FLL tournaments have the feel of sporting events. Competing teams can have anywhere between 2 and 10 members who are between the ages of 9 and 14. Team members, who range from fourth-graders to eighth graders, don't have to be classmates. They can just be a group of friends or members of an organization.



Each team is allowed three months to create and program their robots. They can use LEGOS that they own or buy. The teams start by conducting research on a topic. Next, they have to create and give a presentation about the topic to teachers and other students. The research, performance, and presentation all determine scores. For the first 30 seconds, the robot does what the teams programmed it to do. The next two minutes are done by remote controls.
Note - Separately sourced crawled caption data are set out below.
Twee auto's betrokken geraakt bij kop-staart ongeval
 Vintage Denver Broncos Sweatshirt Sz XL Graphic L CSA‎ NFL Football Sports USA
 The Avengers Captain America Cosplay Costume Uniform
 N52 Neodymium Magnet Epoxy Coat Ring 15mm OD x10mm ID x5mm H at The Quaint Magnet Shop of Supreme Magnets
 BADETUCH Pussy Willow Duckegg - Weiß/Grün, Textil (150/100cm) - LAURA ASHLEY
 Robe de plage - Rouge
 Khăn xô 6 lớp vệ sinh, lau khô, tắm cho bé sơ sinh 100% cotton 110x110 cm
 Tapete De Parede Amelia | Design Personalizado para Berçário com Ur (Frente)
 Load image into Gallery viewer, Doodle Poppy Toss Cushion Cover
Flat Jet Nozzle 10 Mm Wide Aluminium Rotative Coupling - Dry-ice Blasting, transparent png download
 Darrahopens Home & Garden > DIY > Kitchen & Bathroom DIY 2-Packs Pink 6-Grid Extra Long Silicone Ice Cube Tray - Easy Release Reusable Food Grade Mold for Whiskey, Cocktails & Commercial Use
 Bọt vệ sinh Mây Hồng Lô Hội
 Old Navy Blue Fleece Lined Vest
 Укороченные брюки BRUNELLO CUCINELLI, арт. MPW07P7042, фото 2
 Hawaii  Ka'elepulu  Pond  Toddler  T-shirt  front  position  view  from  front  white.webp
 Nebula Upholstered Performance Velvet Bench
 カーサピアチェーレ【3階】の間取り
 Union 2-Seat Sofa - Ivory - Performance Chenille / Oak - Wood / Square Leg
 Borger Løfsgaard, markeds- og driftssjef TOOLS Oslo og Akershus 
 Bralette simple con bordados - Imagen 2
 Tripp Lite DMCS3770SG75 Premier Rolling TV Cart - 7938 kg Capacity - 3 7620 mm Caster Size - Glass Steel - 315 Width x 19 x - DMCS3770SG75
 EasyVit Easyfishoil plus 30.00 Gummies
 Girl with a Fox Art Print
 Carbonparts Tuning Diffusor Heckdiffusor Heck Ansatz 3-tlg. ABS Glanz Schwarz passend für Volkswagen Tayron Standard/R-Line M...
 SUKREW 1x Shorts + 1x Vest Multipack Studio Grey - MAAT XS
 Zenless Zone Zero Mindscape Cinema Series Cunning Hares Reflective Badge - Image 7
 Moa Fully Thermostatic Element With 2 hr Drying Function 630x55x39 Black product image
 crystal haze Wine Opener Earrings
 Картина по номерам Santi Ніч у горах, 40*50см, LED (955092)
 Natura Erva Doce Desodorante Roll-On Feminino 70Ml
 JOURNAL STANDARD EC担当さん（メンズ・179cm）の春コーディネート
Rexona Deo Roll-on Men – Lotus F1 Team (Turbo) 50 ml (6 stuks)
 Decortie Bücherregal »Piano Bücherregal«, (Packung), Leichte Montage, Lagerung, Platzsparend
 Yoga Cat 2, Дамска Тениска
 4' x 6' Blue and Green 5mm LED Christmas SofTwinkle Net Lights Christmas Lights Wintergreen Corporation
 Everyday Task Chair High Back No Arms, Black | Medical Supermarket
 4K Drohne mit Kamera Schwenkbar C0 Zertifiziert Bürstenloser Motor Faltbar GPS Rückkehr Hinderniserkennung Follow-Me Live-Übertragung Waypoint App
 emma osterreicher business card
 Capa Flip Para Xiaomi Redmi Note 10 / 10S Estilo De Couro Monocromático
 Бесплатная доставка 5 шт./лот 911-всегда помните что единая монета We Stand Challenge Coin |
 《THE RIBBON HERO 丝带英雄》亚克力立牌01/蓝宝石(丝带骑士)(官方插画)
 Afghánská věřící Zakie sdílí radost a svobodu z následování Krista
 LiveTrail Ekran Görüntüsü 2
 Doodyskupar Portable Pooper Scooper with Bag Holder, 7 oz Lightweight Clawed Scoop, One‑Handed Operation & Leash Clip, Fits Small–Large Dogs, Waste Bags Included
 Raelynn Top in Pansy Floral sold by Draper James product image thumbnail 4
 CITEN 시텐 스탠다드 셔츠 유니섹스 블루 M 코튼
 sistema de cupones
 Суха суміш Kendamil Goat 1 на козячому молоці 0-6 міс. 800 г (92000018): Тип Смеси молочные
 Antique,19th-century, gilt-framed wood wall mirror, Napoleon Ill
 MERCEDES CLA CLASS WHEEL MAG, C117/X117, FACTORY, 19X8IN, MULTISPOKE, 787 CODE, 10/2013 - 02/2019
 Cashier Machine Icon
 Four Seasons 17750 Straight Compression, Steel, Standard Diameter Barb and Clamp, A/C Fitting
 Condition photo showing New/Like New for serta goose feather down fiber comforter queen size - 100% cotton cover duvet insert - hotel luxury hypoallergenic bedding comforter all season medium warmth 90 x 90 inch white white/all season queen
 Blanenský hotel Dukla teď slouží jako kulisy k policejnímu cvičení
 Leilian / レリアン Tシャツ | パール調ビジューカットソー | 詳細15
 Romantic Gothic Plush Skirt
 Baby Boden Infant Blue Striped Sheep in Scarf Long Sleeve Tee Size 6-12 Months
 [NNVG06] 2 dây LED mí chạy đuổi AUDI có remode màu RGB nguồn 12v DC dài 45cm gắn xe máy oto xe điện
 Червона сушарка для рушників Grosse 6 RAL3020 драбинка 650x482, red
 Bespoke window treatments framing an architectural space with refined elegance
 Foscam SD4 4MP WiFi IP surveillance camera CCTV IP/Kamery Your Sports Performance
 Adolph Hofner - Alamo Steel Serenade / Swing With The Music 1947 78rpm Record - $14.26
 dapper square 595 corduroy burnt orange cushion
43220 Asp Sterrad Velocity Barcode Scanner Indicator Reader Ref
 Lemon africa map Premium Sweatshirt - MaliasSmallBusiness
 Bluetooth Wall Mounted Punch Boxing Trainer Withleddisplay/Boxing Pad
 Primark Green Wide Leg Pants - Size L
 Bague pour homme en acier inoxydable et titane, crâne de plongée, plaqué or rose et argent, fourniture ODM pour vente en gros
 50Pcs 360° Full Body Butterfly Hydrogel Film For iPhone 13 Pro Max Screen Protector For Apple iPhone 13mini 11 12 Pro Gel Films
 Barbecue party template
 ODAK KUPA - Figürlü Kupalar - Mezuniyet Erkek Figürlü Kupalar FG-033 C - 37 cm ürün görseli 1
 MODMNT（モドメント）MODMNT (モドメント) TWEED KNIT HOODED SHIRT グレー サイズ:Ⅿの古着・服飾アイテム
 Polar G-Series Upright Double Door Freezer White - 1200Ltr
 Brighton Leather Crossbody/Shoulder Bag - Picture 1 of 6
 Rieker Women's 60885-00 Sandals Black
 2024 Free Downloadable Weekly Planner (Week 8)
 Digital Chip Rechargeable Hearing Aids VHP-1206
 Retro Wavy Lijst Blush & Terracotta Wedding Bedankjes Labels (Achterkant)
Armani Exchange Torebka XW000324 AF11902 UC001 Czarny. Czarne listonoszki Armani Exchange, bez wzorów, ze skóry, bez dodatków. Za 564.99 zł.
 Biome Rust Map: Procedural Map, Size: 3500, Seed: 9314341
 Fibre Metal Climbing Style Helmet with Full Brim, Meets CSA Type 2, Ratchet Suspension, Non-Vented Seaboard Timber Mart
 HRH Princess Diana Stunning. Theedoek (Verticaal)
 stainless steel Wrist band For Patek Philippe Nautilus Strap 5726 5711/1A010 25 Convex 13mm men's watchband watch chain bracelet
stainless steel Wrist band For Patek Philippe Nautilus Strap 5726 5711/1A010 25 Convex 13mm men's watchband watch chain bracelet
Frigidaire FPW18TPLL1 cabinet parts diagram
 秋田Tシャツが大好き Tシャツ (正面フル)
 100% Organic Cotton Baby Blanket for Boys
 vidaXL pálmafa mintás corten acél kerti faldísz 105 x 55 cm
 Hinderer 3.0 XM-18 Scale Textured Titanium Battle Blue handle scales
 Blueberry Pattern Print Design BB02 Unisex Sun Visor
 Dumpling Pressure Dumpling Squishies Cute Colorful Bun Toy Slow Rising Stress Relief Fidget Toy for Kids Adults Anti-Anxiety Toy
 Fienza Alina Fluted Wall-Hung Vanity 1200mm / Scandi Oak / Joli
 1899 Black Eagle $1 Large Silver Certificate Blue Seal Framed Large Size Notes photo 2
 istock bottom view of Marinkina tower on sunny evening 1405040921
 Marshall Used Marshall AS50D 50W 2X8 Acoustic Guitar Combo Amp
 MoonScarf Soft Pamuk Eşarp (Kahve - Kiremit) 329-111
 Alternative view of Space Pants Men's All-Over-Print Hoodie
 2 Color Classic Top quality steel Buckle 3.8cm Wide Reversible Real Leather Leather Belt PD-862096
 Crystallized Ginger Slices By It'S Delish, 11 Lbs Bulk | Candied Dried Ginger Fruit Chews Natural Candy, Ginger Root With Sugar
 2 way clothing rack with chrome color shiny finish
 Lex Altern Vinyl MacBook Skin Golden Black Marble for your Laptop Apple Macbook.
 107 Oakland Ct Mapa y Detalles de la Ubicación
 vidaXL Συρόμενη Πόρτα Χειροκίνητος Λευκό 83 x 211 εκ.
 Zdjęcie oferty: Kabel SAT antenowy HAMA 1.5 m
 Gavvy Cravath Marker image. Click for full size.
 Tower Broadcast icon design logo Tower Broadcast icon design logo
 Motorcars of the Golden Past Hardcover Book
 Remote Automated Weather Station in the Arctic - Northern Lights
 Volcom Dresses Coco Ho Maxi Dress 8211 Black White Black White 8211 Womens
Teams are judged on teamwork skills and the level of respect they have for others' ideas. They have to cooperate and work efficiently in order to obtain a good score, and if they complete a competition and qualify, they move on to the next round.



This program is working with STEAM (science, technology, engineering, arts and design, and math) to excite kids about topics many might otherwise shy away from.

“[The program] has been getting harder, along with a lot more people joining,” said Madi Wiley, a Girl Scout from Ottumwa, Iowa.

Camille Schroeder, the head of FLL for Iowa, said: “LEGO League is popular among children because it brings together a familiar toy and education." LEGOS are familiar toys, and kids don’t even realize they’re learning. After all, don’t toys make learning fun?

The nation is building up STEAM, and FIRST LEGO League is helping. Many kids who participate realize what fields they would like to pursue when they grow up. Education is important, but having fun is the key.